• [What to produce]: Please write out all the entries exactly, without the pictures.

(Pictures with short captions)
++++++

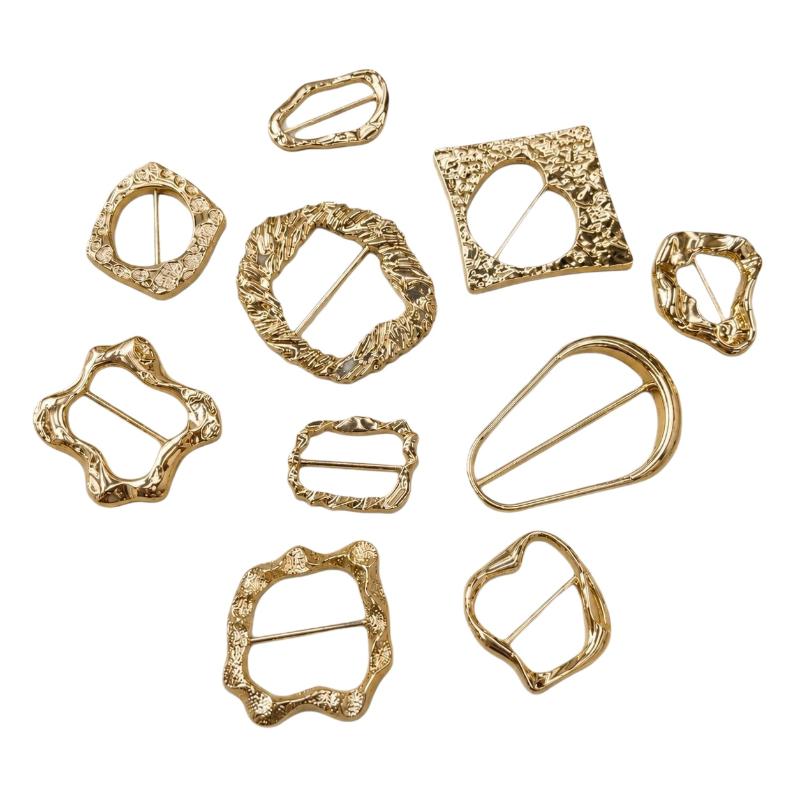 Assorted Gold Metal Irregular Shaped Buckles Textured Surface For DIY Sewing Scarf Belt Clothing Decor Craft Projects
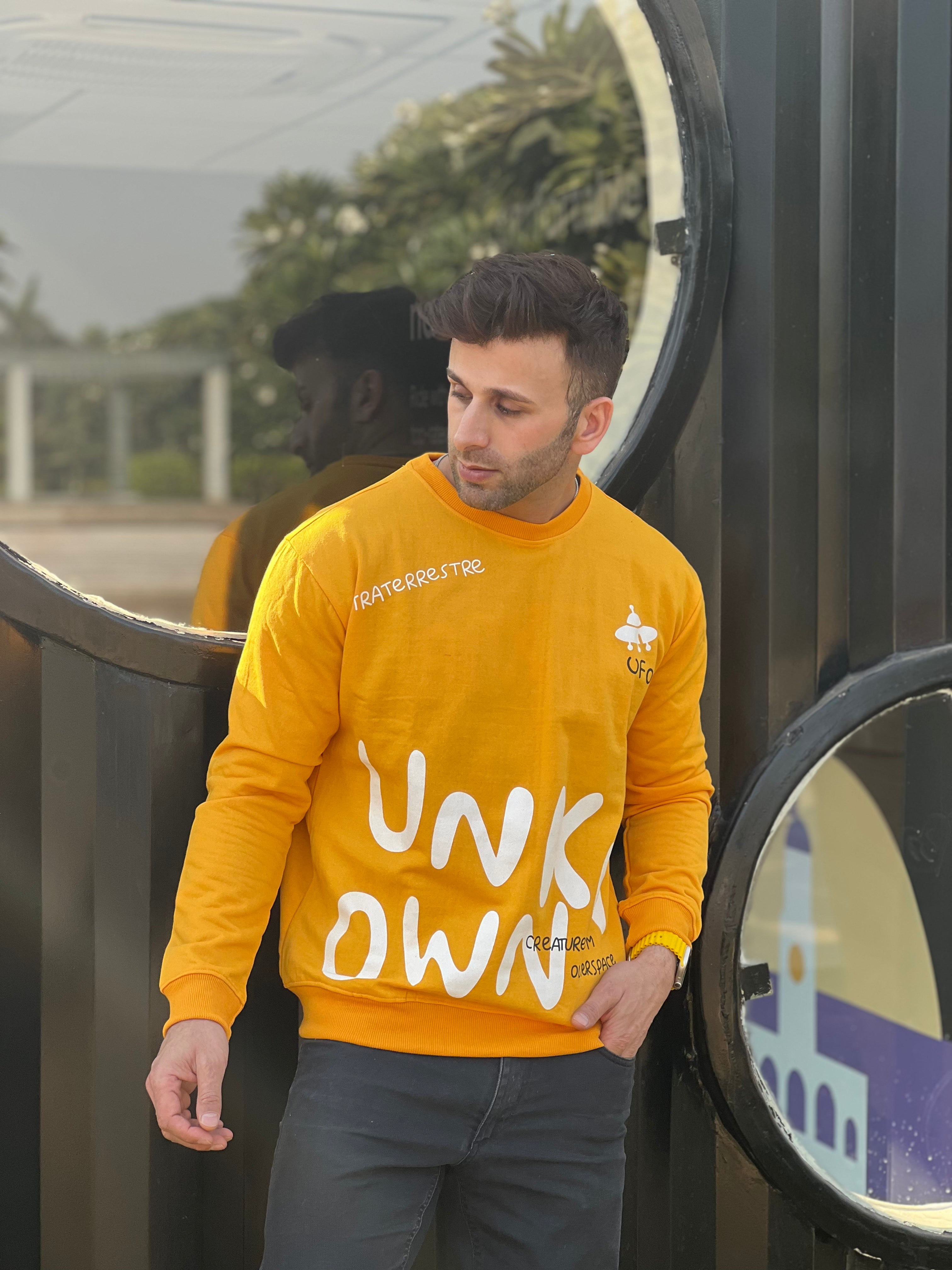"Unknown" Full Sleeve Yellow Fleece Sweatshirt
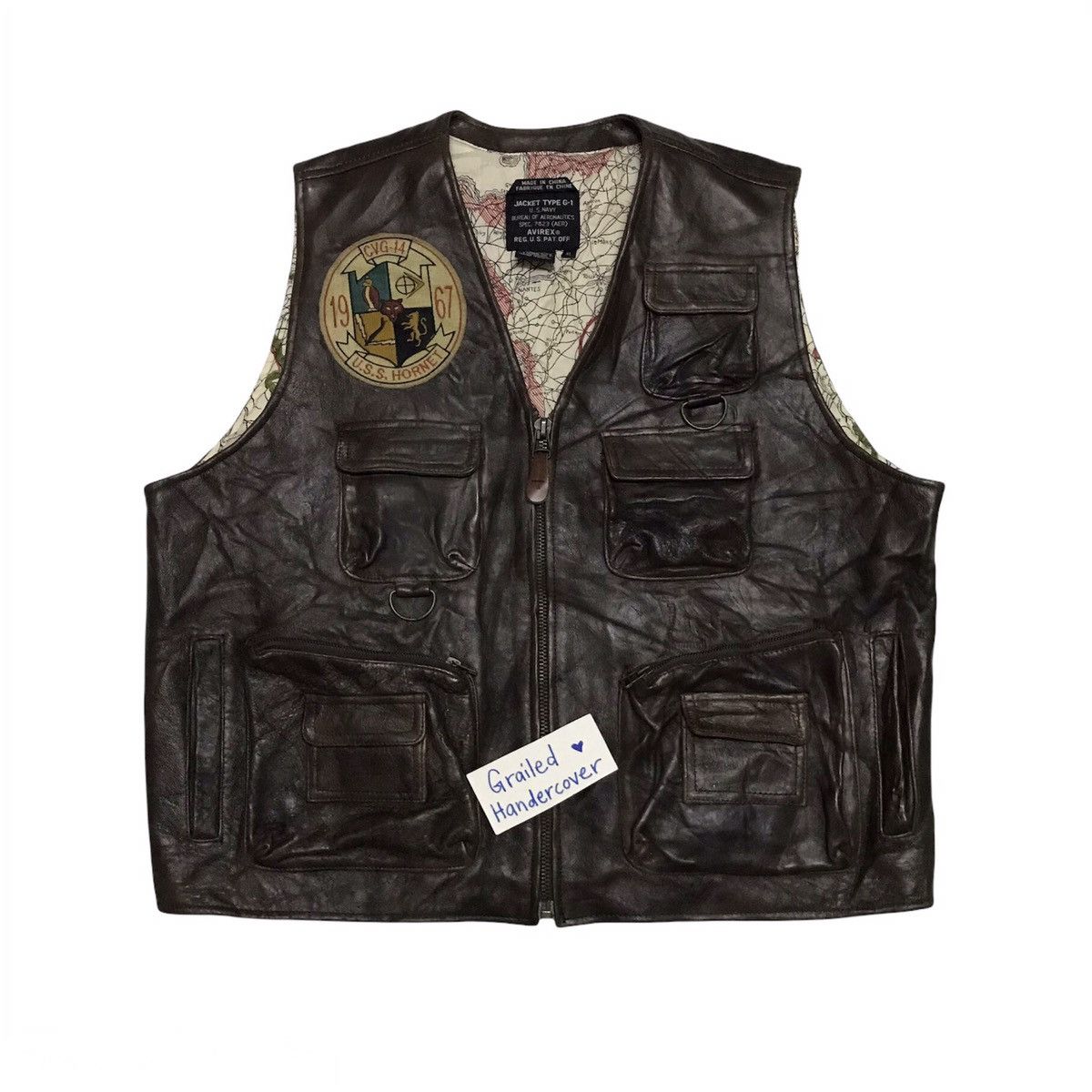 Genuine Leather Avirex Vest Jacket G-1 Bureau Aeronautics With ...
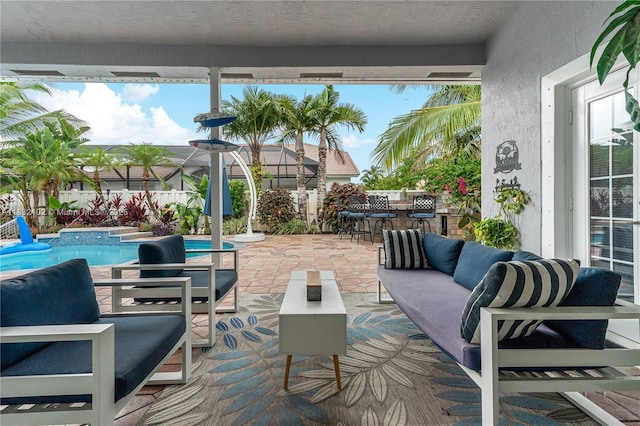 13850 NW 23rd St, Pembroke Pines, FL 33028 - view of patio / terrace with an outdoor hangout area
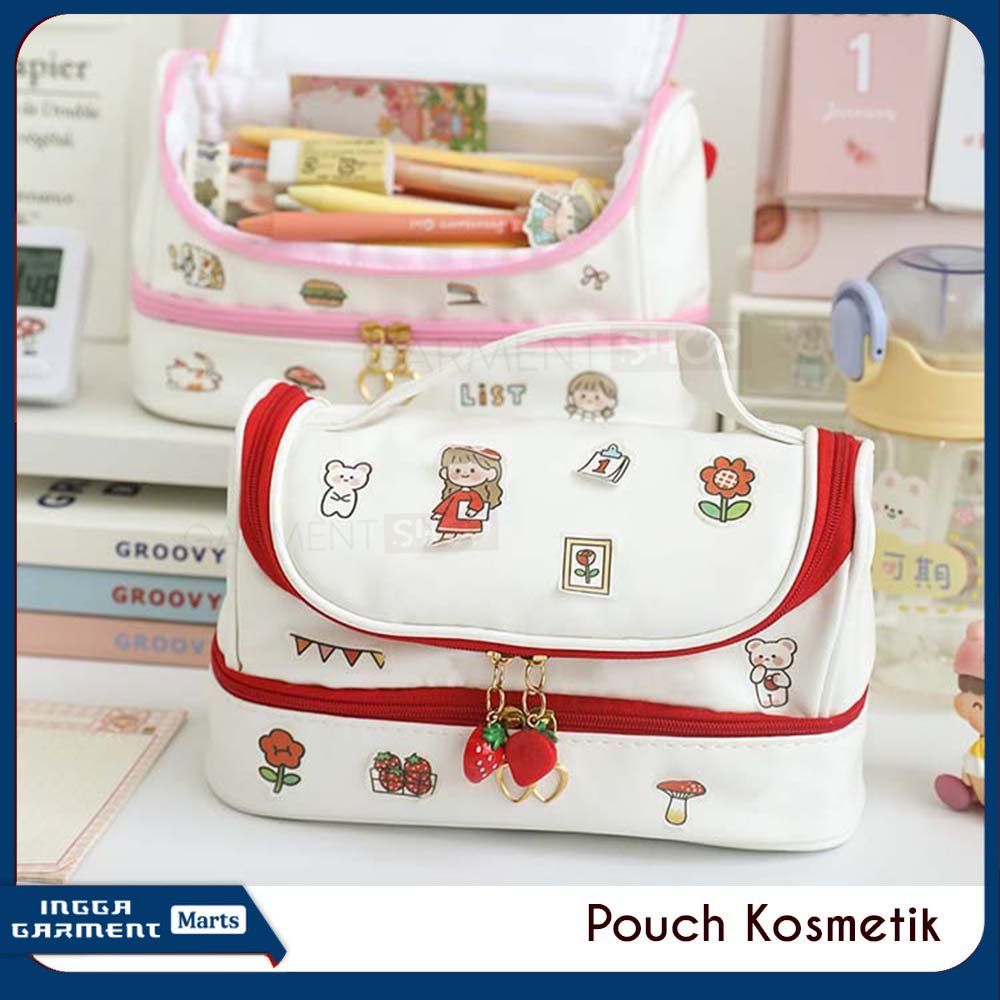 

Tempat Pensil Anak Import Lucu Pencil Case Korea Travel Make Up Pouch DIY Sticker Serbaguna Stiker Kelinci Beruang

++++++

• [Response box]:
 Assorted Gold Metal Irregular Shaped Buckles Textured Surface For DIY Sewing Scarf Belt Clothing Decor Craft Projects
"Unknown" Full Sleeve Yellow Fleece Sweatshirt
 Genuine Leather Avirex Vest Jacket G-1 Bureau Aeronautics With ...
 13850 NW 23rd St, Pembroke Pines, FL 33028 - view of patio / terrace with an outdoor hangout area

Tempat Pensil Anak Import Lucu Pencil Case Korea Travel Make Up Pouch DIY Sticker Serbaguna Stiker Kelinci Beruang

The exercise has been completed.